[Crawled caption data]
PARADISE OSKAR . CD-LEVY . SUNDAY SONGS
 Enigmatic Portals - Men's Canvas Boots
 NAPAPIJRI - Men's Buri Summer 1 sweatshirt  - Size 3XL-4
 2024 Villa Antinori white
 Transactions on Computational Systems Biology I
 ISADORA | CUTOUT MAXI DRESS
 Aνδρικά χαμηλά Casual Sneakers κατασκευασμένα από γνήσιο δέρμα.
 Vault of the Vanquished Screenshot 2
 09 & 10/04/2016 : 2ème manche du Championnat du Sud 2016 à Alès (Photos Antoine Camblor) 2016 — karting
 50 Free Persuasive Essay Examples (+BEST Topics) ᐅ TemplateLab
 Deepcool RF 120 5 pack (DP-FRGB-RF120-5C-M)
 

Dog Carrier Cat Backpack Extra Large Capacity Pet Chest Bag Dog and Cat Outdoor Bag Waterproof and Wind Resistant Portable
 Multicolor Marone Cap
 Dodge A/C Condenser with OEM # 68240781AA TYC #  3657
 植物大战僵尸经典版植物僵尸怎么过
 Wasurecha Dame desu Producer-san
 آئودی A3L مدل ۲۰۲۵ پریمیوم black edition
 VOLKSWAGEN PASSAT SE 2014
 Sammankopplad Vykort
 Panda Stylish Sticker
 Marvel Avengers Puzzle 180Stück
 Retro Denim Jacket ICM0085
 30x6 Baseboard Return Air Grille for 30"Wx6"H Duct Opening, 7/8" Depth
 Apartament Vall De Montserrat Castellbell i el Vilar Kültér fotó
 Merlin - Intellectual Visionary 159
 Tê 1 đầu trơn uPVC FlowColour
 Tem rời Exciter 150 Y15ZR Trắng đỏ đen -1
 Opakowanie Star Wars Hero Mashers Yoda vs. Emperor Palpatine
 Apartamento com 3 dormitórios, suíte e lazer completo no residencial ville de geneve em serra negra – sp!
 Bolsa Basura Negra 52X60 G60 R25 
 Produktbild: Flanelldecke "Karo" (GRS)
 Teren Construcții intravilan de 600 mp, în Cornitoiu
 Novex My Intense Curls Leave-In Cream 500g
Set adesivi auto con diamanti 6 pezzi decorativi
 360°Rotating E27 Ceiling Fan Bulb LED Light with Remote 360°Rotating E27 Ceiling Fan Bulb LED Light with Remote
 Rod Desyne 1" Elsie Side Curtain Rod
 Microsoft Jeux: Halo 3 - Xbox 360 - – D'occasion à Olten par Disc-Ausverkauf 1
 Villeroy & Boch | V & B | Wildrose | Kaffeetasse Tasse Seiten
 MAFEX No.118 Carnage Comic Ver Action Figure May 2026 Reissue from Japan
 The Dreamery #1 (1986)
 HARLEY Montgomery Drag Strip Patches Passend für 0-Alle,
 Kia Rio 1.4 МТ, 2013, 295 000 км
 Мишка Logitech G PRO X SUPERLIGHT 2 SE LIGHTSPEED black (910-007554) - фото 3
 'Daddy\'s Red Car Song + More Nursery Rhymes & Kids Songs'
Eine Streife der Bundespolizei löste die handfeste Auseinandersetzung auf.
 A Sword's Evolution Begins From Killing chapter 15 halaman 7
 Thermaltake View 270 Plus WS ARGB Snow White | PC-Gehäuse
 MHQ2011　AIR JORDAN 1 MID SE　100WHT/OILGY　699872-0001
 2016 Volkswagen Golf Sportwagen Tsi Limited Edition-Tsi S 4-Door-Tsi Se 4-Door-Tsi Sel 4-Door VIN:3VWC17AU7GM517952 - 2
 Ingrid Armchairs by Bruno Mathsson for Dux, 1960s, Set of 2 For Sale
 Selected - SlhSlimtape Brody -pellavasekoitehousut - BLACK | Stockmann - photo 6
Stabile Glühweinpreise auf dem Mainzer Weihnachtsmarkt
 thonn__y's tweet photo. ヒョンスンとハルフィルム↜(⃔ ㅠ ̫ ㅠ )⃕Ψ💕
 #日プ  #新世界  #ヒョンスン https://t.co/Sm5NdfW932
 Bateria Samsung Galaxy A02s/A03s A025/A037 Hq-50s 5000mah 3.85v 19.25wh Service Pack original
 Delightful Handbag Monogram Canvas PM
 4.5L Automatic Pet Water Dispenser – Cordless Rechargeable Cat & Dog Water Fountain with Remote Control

• [Work required]:
The answer should contain only the lines from the first line of the entries through the line holding "Retro Denim Jacket ICM0085", each exactly as written.

• [Response to the task]:
PARADISE OSKAR . CD-LEVY . SUNDAY SONGS
 Enigmatic Portals - Men's Canvas Boots
 NAPAPIJRI - Men's Buri Summer 1 sweatshirt  - Size 3XL-4
 2024 Villa Antinori white
 Transactions on Computational Systems Biology I
 ISADORA | CUTOUT MAXI DRESS
 Aνδρικά χαμηλά Casual Sneakers κατασκευασμένα από γνήσιο δέρμα.
 Vault of the Vanquished Screenshot 2
 09 & 10/04/2016 : 2ème manche du Championnat du Sud 2016 à Alès (Photos Antoine Camblor) 2016 — karting
 50 Free Persuasive Essay Examples (+BEST Topics) ᐅ TemplateLab
 Deepcool RF 120 5 pack (DP-FRGB-RF120-5C-M)
 

Dog Carrier Cat Backpack Extra Large Capacity Pet Chest Bag Dog and Cat Outdoor Bag Waterproof and Wind Resistant Portable
 Multicolor Marone Cap
 Dodge A/C Condenser with OEM # 68240781AA TYC #  3657
 植物大战僵尸经典版植物僵尸怎么过
 Wasurecha Dame desu Producer-san
 آئودی A3L مدل ۲۰۲۵ پریمیوم black edition
 VOLKSWAGEN PASSAT SE 2014
 Sammankopplad Vykort
 Panda Stylish Sticker
 Marvel Avengers Puzzle 180Stück
 Retro Denim Jacket ICM0085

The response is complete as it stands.